[[ Recorded data open ]]

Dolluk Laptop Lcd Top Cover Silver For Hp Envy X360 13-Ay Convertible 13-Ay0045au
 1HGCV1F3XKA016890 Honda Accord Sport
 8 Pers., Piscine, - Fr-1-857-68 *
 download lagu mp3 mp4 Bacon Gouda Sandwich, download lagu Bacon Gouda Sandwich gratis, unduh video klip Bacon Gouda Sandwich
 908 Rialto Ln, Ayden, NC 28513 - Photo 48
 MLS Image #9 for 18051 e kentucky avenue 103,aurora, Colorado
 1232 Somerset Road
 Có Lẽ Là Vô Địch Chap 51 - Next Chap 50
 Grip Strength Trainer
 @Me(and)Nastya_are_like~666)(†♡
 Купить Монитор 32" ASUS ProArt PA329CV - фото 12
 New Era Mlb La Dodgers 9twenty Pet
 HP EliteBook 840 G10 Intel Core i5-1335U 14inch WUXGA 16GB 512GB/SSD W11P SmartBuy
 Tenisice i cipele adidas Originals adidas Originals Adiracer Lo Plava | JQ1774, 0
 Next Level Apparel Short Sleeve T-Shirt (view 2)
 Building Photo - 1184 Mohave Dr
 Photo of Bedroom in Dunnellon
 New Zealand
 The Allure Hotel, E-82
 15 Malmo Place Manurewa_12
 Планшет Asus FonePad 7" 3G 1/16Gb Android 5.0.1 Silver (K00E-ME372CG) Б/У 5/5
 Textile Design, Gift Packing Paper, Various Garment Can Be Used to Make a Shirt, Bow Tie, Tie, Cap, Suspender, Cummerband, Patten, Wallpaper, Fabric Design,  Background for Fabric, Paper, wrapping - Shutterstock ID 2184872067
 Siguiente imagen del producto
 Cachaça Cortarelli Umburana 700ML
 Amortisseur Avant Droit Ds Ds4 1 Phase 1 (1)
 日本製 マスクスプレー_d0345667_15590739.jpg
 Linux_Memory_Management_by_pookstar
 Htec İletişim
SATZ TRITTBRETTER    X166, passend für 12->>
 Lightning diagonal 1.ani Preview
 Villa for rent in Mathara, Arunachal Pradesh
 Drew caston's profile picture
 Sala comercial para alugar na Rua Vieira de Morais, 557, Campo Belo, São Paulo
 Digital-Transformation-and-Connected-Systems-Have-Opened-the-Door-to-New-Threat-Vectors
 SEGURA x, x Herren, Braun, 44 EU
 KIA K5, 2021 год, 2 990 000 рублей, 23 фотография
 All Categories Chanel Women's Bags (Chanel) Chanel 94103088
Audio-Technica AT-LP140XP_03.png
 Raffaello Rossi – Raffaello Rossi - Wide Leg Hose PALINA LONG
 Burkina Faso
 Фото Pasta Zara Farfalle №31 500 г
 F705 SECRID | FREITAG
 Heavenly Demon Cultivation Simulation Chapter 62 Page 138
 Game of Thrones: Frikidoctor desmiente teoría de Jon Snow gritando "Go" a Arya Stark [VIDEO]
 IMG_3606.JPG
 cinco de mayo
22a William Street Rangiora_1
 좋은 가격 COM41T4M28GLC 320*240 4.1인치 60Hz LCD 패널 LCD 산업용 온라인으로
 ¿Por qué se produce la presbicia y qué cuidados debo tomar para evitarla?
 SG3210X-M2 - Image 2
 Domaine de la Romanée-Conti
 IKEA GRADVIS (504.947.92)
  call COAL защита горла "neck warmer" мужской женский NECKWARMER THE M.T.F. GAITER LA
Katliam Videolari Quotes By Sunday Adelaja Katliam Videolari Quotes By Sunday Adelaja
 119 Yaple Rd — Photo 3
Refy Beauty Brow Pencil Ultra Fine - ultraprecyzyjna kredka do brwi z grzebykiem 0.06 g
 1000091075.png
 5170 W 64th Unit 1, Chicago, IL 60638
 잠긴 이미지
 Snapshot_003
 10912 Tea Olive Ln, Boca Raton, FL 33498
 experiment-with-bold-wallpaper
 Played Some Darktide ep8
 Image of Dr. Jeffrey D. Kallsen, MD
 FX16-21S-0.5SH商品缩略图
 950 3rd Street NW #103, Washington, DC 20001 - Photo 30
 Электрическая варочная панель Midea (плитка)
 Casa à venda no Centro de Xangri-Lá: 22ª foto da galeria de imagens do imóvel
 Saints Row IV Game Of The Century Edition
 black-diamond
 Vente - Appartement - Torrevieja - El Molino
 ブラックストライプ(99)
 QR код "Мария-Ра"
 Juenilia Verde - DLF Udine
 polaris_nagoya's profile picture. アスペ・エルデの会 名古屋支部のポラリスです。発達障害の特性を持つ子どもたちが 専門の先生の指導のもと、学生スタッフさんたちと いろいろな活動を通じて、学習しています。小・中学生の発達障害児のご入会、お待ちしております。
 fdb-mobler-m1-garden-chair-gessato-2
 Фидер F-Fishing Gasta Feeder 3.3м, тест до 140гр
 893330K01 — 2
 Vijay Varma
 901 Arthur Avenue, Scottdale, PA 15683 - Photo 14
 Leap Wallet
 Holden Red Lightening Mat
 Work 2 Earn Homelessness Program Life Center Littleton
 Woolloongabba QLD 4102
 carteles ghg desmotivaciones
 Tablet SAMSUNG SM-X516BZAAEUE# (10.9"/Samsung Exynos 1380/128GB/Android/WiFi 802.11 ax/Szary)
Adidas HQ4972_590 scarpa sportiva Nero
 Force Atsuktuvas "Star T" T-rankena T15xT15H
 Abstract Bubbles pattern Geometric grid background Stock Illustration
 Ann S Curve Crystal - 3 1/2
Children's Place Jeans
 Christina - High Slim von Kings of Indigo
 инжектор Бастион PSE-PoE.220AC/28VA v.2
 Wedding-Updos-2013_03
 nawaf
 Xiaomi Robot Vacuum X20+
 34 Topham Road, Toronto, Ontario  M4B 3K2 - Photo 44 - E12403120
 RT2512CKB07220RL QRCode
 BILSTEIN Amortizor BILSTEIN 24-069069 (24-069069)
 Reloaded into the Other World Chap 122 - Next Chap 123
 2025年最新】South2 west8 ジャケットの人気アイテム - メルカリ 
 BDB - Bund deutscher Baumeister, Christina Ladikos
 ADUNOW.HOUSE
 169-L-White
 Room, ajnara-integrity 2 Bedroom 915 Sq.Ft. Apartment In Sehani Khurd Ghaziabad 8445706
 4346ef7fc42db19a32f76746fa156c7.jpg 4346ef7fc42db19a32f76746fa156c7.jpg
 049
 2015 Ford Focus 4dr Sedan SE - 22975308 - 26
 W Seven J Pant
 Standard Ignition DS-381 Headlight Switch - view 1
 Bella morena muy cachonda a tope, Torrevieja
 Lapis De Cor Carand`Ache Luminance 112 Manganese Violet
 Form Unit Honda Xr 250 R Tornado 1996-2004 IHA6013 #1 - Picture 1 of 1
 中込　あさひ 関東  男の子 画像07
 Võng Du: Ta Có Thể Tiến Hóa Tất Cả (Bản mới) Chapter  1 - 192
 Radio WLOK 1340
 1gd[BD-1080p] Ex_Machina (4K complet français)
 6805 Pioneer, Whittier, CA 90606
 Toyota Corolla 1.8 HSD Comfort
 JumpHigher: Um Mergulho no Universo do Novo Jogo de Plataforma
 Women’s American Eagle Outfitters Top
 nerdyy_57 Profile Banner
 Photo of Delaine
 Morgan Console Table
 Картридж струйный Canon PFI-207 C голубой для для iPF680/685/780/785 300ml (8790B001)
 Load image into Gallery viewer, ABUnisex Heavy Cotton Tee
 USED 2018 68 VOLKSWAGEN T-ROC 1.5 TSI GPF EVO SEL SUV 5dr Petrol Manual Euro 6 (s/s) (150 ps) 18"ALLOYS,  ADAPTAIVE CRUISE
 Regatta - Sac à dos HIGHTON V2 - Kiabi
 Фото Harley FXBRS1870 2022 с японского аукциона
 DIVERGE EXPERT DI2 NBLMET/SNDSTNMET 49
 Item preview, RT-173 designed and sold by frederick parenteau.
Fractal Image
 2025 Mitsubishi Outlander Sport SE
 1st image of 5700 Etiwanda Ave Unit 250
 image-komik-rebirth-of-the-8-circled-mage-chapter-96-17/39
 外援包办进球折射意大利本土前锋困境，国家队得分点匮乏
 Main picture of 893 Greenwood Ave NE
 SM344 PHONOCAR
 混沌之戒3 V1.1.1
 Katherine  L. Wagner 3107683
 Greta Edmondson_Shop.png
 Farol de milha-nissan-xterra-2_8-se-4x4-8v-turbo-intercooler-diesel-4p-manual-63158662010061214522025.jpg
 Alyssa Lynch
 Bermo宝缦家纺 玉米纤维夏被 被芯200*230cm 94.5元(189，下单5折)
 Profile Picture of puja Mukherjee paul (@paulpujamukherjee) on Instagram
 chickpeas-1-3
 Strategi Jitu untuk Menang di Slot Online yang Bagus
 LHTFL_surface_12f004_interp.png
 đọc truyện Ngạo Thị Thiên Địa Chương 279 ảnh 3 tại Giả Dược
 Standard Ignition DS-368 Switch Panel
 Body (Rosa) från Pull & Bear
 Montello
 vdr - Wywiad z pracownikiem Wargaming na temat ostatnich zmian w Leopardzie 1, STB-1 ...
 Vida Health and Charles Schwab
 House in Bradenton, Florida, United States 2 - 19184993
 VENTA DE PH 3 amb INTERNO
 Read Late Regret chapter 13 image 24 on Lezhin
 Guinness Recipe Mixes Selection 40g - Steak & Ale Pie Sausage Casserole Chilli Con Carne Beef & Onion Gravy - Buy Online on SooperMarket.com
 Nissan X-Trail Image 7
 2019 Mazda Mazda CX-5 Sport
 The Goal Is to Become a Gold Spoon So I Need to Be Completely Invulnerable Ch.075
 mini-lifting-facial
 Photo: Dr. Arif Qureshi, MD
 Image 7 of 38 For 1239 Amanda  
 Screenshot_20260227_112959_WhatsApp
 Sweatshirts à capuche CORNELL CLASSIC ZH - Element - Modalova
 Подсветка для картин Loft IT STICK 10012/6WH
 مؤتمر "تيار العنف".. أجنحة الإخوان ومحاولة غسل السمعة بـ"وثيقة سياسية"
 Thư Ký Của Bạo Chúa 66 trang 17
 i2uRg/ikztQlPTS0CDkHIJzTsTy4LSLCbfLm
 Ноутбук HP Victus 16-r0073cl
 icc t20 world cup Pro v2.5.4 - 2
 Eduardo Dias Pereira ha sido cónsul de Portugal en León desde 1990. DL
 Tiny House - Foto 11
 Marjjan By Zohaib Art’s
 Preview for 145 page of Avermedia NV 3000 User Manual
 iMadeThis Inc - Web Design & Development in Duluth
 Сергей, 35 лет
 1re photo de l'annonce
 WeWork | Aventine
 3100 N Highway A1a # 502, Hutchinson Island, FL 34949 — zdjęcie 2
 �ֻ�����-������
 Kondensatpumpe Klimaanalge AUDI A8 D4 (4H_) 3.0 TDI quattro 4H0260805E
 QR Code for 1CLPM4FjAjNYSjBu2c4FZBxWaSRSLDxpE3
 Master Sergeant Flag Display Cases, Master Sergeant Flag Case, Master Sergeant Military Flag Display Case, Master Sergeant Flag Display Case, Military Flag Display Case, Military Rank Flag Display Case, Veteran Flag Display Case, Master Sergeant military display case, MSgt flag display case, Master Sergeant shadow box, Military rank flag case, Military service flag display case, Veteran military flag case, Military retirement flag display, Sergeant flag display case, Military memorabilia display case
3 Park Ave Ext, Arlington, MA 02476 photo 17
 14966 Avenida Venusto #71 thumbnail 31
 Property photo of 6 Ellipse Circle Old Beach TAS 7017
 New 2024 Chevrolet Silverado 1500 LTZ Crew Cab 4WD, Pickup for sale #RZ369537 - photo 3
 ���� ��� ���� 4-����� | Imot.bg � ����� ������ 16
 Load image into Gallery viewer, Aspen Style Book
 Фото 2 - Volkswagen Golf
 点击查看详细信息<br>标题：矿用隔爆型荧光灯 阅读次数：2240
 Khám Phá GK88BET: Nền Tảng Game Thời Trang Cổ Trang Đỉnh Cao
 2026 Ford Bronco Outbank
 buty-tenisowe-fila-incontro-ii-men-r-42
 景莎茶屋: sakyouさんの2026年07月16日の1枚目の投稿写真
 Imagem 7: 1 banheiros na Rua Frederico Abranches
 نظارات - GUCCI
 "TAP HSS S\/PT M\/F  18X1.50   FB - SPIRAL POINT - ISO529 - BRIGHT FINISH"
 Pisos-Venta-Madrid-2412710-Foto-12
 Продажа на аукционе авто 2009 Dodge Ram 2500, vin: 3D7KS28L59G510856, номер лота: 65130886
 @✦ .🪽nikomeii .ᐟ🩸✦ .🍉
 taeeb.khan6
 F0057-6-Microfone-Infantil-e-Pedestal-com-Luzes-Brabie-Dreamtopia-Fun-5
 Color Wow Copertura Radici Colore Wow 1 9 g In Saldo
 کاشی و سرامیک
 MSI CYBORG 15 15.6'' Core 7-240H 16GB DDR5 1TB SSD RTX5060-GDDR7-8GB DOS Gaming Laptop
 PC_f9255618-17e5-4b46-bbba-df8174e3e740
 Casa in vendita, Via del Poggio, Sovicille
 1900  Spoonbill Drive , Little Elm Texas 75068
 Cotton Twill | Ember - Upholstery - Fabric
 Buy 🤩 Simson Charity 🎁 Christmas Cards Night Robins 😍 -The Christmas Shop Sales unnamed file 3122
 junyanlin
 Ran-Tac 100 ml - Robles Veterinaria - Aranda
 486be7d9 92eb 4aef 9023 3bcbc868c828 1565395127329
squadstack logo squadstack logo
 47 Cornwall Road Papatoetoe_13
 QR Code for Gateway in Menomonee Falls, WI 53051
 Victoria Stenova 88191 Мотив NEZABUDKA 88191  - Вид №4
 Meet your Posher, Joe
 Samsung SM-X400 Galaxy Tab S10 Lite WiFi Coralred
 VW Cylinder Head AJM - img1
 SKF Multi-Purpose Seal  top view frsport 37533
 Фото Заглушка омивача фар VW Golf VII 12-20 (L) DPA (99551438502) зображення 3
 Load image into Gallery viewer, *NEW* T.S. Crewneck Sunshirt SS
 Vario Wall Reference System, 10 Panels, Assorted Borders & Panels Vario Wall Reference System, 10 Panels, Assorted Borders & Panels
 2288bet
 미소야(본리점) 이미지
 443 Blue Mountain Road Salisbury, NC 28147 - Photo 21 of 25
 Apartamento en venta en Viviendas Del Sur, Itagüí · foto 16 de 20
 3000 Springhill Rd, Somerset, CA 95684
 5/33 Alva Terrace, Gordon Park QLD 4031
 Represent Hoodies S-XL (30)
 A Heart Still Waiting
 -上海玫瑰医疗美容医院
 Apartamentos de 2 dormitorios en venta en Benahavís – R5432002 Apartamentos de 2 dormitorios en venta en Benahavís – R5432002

[[ Recorded data closed ]]

What to do: Copy back the listing above exactly, but only from the line with "SM344 PHONOCAR" through the line with "Profile Picture of", both ends included.

Result:
 SM344 PHONOCAR
 混沌之戒3 V1.1.1
 Katherine  L. Wagner 3107683
 Greta Edmondson_Shop.png
 Farol de milha-nissan-xterra-2_8-se-4x4-8v-turbo-intercooler-diesel-4p-manual-63158662010061214522025.jpg
 Alyssa Lynch
 Bermo宝缦家纺 玉米纤维夏被 被芯200*230cm 94.5元(189，下单5折)
 Profile Picture of puja Mukherjee paul (@paulpujamukherjee) on Instagram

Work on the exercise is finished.